Wells was a writer with several identities. Most of Wells’ short stories were written about the marvels of science, but the genre of this one, is based on a gothic mystery. A gothic story is a romantic fiction with its setting usually in a ruined gothic castle or abbey. It emphasised mystery and horror and was filled with ghost haunted rooms, underground passages, and secret stairways. The scene in the red room is set in an old, derelict castle – Lorraine Castle in which a young duke had died.This very setting suggests a mystery and immediately contributes to suspense in the story.
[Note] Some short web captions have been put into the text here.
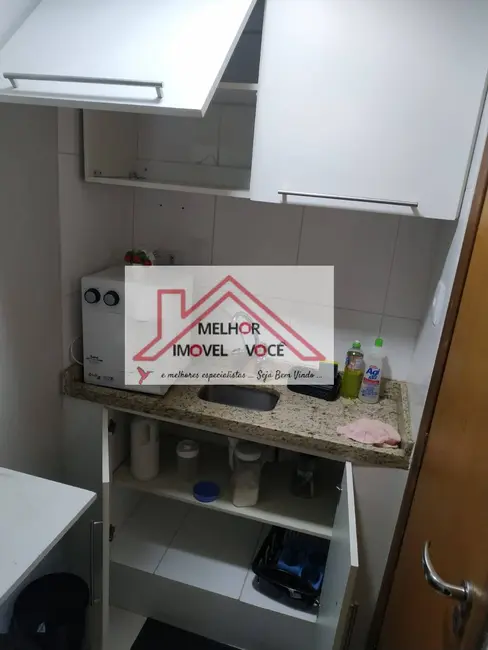 Sala Comercial para alugar, 74m2 em São Paulo - SP - imagem 8 Foto 8 de Sala Comercial para alugar, 74m2 em São Paulo - SP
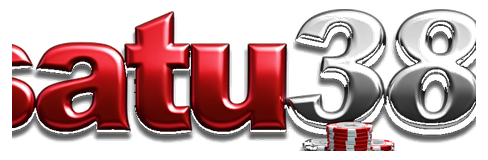 satu38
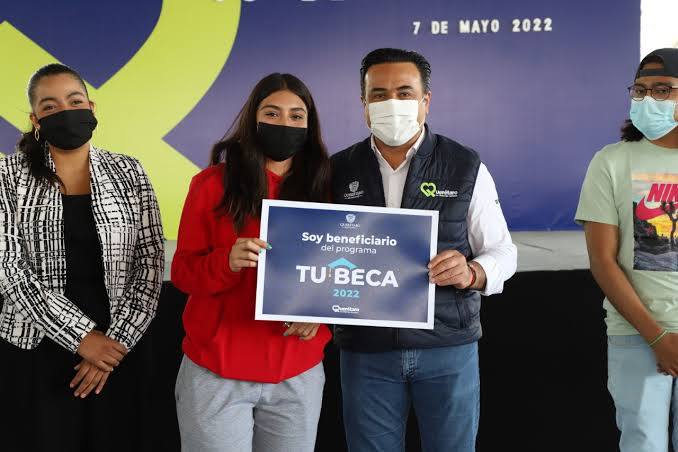 Se realizará una gira de trabajo por Asia y Europa durante la veda electoral: Kuri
The tension is also created by the old woman when she states `and eight-and-twenty years you have lived and never seen the likes of this house. ‘ The mounting tension begins with the journey towards the red room. There is a passage, a spiral staircase and a very long corridor. The passage is described, by the anonymous narrator as a chilling, echoing passage. ‘ Again as the tension is built up, he refers to the passage, as `the long, draughty subterranean passage was chilly and dusty.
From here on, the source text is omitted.